Dakryn's Batshit Theory of the Week

As we have debated before, there is a big difference between a mere disparity in wealth, and someone who is unable to maintain existence in their current situation. Whether or not they are pissed off about the situation is really irrelevant.

This is one place where we disagree; I think it's entirely relevant because whether or not people are pissed off indicates relative tolerance of the politico-economic system in which they're constituted. You continually posit a form of "capitalist ethics"; but this matters very little next to the nearly infinite variety of individuals whose ethical framework reinforces the belief that they're being exploited, or ignored.

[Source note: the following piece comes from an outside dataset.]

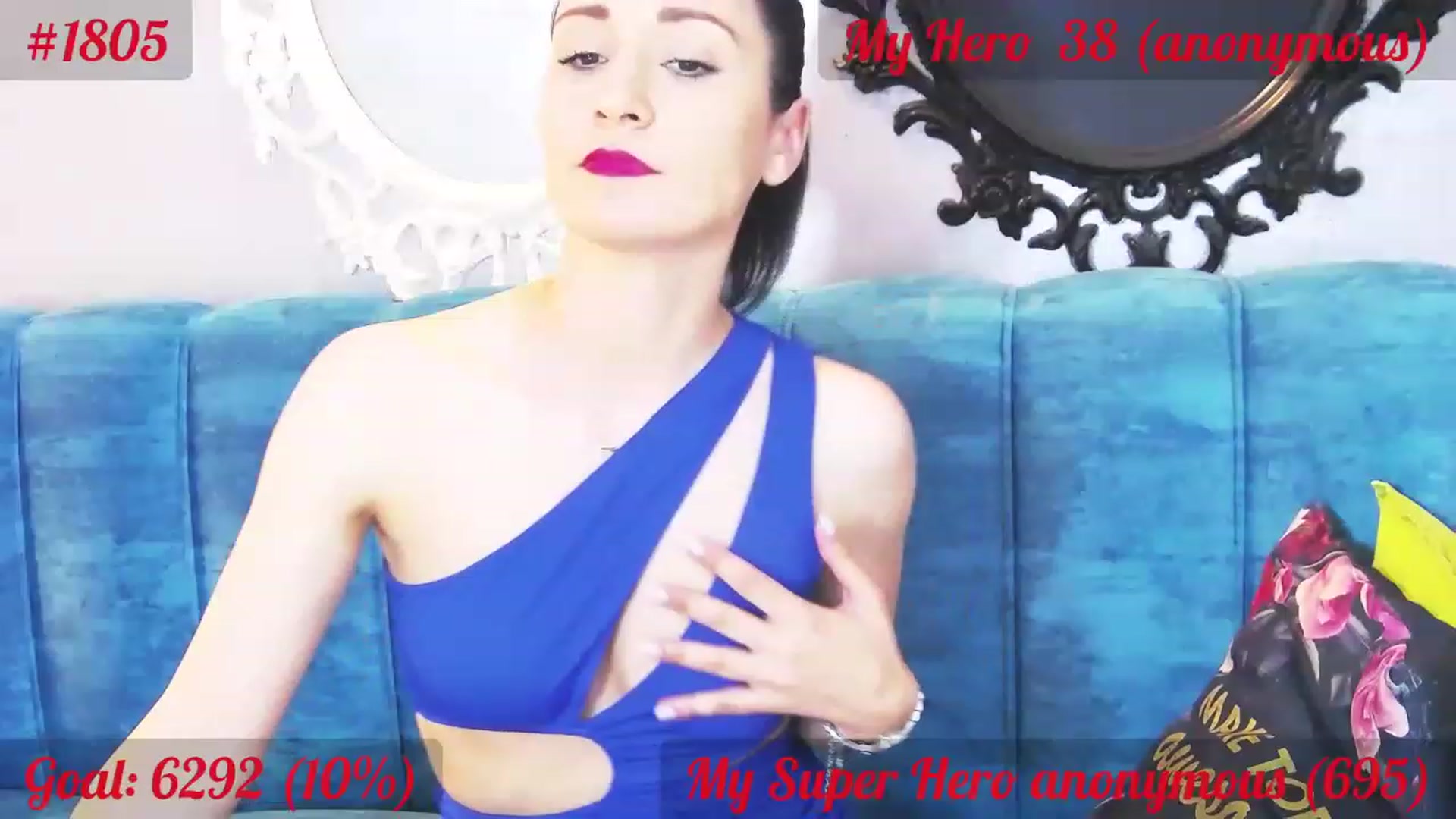 QuinnieSmile video thumbnail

That Marxist article is pretty typical. I agree with plenty of his criticisms, but he loses me when he starts talking about the teleological sublimating moment when the proletariat supersedes the bourgeoisie. Historical relations aren't dialectical.
 
This is one place where we disagree; I think it's entirely relevant because whether or not people are pissed off indicates relative tolerance of the politico-economic system in which they're constituted. You continually posit a form of "capitalist ethics"; but this matters very little next to the nearly infinite variety of individuals whose ethical framework reinforces the belief that they're being exploited, or ignored.

That Marxist article is pretty typical. I agree with plenty of his criticisms, but he loses me when he starts talking about the teleological sublimating moment when the proletariat supersedes the bourgeoisie. Historical relations aren't dialectical.

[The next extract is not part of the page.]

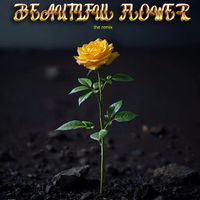His Name's Sake - Beautiful Flower (The Remix)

Ironically, I think most of us are being exploited and/or ignored. This reality has nothing to do with market processes though. The market is the one place where I have a high element of control.
 
I agree, but you have a specific understanding of exploitation that might differ from someone else's. Many people feel themselves exploited by the market; or, at the very least, by politico-economic forces (that aren't entirely market-driven) over which they have no control.
 
Due to poor education, people are left in the dark about how most things work. Intentionally. Case in point, talking about the office of the president (And whoever happens to be running for/occupying the office) in terms of omniscience and allpowerfulness. IE "Obama improved the economy" or "Romney is going to bring jobs back". "Obama got me a phone!" etc. It's all more multifaceted than that. Of course some are going to blame "the market" for the problems. Of course, trying to even get a cogent definition of the market from those same people would be an exercise in exasperation. I suspect most would say "wall street", which really has little resemblance to anything I would consider the market. Stock exchanges have been overrun by central bank insiders and HFT algorithms. Your local gas station and food market trips are more like what I'm talking about, and people don't know how amazing the JIT system is given it's extreme vulnerability, but they heavily depend on it. They think the stuff appears on the shelf by magic. No, it's the market.
 
So do you then think that several whole generations of academics have suffered from poor education?

The entire system design (Prussian/Dewey) is poor, designed to turn out uncritical robots. That anyone makes out it otherwise is a failure in the system, not a success story for it.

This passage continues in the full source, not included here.